TL;DR Great idea! I think that would be a huge benefit to the community. I would be happy to help with this endeavor; assuming that it can be done in conjunction/co-operation with @dc42 and @T3P3Tony to avoid fragmenting the RRF user base as that has a tendency to undermine the value of both projects.
I think an argument could be made that something similar to this approach might be valuable regardless. Many software packages and platforms follow an approach similar to this. For instance the "Long Term Support" version of node.js is currently 8.x while the "Latest and greatest" is 9.x this allows users of the system to choose a path that they are most comfortable with.
I think that in some ways @dc42 is following this now albeit without a ton of formalization around it. For instance he mentioned in either the 2.0 thread or the 1.2.1 thread that he would back port critical fixes from 2.0 to 1.2.1 in some cases. Once 2.0 is stabilized and considered the gold standard I think it could be very cool to have two options to choose from "stable" and "latest".
One of the greatest things about the RepRap community is that many of it's members are always challenging "state of the art" and "good enough". This has resulted in some amazing things (The Duet, 32bit motion controllers, new kinematics, the flex3drive / zesty, PEI print beds, dual extrusion, linear advance, piezo sensors, olsson ruby, laser filament monitors, etc...). It also has resulted in a lot of dead ends, failed concepts, bugs, fires, and forum debates. The constant desire to improve if only by a few microns is one of the reasons that FDM printers today are so amazing and useful.
There will always be people trying to compensate for poorly constructed machines by changing slicer settings, trying new firmware features, and/or putting an olsson ruby on a machine that only prints PLA. One of the first things I tell anyone getting in to 3D printing is "don't even try auto bed leveling until you can level a bed by hand". Obviously some software and hardware features have made it easier to have a "less than perfect" printer and achieve decent results. This has lowered the barrier to entry for 3D printing. This is a good thing! A lower barrier to entry means more people using / buying products which results in new products (like the Duet), and lower costs (manufacturing efficiency due to volume). There is nothing wrong with these people, in fact, they are CRITICAL.
There are also people like me who will redesign parts, spend hours printing them, and rebuild an entire machine because I want to PLAY with a new sensor, motion, or cooling concept. These people will obsess over the math behind .9 degree stepper motors, 6th-order jerk controlled motion planning, the amount of deflection in a delrin wheel, how thermoplastics bond at various temperatures, the G-code generated by a slicer, the thermo and fluid dynamics of melted plastic, layer adhesion, etc. We are annoying as hell, opinionated, passionate, and constantly looking for something new to play with in the hopes that we can somehow eventually print a Cessna or something.

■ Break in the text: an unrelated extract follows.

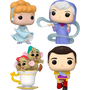 Funko Pop! Cinderella (1950): 75th Anniversary - Bibbidi-Bobbidi-Boo - Bundle (Set of 4)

In reality we will probably pretty much just print new parts for our printers...forever.
There are also people that use their printers in a mission critical environment and while I contend that the fact that they can do this is very directly related to so many people pushing the state of the art for so long; it doesn't change the fact that they need things to "just work".
There is ample room for all sets of ideals, goals, and passions in this space; and quite frankly none of them are going anywhere and all are necessary for the continued success and growth of the industry. Curtailing the experience of one group for the benefit of another can spell the end of innovation, the end of progress, and ultimately that hurts everyone.
@dc42 and @T3P3Tony are obviously quite busy, have business to run, and donate a TON of their personal time to the support and maintenance of their products and the community as a whole. I would never dream of asking them to do more than they already are so perhaps someone stepping up to help maintain a "stable" branch of the firmware and only bringing in new features when they are proven to either be at a minimum benign, or at best useful could be huge. Most of my real-world C/C++ experience is in developing against OpenGL on iOS but I am already planning on jumping into some firmware development for the Duet and would be more than happy to assist with the maintenance of something like this; but only with the blessing of @dc42 as the last thing I would want to do is accidentally fragment the RRF user base as I don't think that this would provide value in the long run.